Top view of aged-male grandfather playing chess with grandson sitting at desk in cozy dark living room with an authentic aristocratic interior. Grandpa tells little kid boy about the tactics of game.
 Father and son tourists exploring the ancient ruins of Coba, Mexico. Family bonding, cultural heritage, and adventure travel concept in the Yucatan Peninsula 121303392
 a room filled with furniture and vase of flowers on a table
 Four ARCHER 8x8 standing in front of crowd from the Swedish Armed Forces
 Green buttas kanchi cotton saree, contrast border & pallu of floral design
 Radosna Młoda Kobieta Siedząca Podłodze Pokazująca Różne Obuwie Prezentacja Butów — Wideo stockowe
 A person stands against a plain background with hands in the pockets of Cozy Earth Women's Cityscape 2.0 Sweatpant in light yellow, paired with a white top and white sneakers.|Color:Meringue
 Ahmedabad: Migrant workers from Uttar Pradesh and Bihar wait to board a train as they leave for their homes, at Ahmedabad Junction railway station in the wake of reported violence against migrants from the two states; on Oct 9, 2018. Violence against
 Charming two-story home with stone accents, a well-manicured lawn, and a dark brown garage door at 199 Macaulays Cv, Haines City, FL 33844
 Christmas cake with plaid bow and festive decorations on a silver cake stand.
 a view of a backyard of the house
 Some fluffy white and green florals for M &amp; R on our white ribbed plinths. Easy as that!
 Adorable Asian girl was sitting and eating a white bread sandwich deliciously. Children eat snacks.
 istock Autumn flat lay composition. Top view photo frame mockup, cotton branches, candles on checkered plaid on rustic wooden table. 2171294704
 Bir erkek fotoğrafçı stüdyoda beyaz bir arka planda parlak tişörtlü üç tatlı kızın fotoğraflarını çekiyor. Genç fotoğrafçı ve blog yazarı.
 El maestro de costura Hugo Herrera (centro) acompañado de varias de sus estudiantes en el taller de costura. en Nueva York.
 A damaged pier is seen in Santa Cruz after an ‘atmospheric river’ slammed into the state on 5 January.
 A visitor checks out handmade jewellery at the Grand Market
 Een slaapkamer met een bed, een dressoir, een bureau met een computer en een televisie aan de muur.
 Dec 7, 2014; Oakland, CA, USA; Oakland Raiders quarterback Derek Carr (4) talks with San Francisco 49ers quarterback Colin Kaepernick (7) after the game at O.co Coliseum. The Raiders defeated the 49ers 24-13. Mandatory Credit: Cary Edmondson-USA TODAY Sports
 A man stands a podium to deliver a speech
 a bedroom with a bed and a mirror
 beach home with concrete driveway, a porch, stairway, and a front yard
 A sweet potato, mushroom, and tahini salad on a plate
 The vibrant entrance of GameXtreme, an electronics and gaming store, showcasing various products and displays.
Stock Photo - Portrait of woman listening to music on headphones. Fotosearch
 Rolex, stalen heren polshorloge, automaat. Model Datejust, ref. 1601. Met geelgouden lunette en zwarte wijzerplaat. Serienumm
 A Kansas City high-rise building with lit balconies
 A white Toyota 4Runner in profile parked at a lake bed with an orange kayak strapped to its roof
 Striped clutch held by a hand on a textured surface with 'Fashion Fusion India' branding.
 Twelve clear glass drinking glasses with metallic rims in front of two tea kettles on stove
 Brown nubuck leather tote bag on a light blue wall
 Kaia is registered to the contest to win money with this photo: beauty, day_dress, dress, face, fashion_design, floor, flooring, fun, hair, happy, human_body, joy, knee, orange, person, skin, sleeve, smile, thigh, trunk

== ASSIGNMENT ==
Starting with the first line of the listing, output each line exactly until you have included the one containing "Radosna Młoda Kobieta".

== RESPONSE TO THIS TASK ==
Top view of aged-male grandfather playing chess with grandson sitting at desk in cozy dark living room with an authentic aristocratic interior. Grandpa tells little kid boy about the tactics of game.
 Father and son tourists exploring the ancient ruins of Coba, Mexico. Family bonding, cultural heritage, and adventure travel concept in the Yucatan Peninsula 121303392
 a room filled with furniture and vase of flowers on a table
 Four ARCHER 8x8 standing in front of crowd from the Swedish Armed Forces
 Green buttas kanchi cotton saree, contrast border & pallu of floral design
 Radosna Młoda Kobieta Siedząca Podłodze Pokazująca Różne Obuwie Prezentacja Butów — Wideo stockowe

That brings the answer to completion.